# Records provided
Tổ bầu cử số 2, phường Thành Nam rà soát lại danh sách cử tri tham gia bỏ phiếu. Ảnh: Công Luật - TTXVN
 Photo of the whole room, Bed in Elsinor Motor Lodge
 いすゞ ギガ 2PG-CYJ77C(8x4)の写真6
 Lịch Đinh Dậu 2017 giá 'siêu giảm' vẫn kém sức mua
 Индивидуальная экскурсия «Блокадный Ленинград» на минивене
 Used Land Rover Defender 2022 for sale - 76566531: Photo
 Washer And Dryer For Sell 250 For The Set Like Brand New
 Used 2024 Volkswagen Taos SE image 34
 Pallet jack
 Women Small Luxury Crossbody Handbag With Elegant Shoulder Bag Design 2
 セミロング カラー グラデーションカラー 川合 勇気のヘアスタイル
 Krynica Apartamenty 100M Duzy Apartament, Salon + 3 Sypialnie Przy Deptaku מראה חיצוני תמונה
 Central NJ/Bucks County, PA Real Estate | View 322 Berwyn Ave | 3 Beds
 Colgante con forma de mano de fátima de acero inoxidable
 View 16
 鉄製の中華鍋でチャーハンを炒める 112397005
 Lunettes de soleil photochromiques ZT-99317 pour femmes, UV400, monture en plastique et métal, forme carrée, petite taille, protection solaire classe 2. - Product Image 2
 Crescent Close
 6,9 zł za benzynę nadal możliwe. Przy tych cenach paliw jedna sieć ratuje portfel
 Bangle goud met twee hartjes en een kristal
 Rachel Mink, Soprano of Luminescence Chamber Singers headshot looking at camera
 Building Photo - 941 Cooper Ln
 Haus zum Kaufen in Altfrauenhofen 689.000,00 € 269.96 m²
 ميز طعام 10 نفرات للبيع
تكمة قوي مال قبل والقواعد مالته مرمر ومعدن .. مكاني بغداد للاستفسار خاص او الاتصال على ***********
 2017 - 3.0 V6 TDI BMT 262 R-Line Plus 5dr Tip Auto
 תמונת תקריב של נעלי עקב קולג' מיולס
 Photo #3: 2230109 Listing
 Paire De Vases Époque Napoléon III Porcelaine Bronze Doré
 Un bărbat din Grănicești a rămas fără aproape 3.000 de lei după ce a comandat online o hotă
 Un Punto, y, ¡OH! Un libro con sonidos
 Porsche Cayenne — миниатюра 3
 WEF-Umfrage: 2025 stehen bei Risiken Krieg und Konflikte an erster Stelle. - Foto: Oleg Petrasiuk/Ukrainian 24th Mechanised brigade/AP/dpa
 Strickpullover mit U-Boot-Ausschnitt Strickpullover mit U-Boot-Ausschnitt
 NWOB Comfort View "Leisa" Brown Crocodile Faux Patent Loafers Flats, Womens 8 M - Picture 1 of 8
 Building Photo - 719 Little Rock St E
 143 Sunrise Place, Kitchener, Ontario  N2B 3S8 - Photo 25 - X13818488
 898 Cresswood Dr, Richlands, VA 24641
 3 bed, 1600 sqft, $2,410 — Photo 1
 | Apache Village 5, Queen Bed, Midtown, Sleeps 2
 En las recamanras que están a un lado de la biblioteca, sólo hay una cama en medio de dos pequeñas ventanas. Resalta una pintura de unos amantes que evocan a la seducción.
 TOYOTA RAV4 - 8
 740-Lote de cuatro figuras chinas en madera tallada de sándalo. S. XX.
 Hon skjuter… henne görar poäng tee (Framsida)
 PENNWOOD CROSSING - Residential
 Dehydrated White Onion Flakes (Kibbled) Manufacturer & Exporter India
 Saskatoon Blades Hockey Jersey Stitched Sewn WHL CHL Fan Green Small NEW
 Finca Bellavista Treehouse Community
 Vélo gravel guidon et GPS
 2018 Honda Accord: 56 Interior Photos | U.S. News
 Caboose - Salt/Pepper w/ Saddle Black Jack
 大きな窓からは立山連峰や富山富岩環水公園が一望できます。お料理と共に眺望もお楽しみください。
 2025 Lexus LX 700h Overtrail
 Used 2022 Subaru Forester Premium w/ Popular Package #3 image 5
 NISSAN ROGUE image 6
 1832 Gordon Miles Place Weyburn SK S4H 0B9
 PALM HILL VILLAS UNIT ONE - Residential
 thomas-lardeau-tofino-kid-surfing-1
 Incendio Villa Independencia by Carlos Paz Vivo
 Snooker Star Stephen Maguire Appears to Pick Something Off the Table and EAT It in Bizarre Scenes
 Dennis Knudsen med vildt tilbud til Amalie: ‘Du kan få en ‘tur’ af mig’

# Work request
Reproduce exactly the section above that begins at the line containing "Rachel Mink, Soprano" and ends at the line containing "Un Punto, y, ¡OH! Un libro con sonidos", leaving out all other lines.

# Task response
 Rachel Mink, Soprano of Luminescence Chamber Singers headshot looking at camera
 Building Photo - 941 Cooper Ln
 Haus zum Kaufen in Altfrauenhofen 689.000,00 € 269.96 m²
 ميز طعام 10 نفرات للبيع
تكمة قوي مال قبل والقواعد مالته مرمر ومعدن .. مكاني بغداد للاستفسار خاص او الاتصال على ***********
 2017 - 3.0 V6 TDI BMT 262 R-Line Plus 5dr Tip Auto
 תמונת תקריב של נעלי עקב קולג' מיולס
 Photo #3: 2230109 Listing
 Paire De Vases Époque Napoléon III Porcelaine Bronze Doré
 Un bărbat din Grănicești a rămas fără aproape 3.000 de lei după ce a comandat online o hotă
 Un Punto, y, ¡OH! Un libro con sonidos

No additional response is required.